What you will do: Everything from the line containing "Aliados Premium 1BR w/ Terrace by LovelyStay" through the line containing "Produktbild von Electronic" in the listing below should be copied exactly, and nothing more.

Data supplied:

== Segment start ==

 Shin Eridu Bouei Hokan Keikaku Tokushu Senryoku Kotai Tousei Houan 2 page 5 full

== Segment end ==
== Segment start ==

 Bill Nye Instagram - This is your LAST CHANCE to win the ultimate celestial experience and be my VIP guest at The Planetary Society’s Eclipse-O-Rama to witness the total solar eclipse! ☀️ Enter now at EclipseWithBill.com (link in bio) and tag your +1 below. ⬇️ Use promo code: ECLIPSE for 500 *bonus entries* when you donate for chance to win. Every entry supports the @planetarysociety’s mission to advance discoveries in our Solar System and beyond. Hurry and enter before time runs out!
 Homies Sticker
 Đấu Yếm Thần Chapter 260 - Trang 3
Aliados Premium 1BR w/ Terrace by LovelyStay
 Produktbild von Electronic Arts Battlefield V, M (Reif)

== Segment end ==

Final answer:
Aliados Premium 1BR w/ Terrace by LovelyStay
 Produktbild von Electronic Arts Battlefield V, M (Reif)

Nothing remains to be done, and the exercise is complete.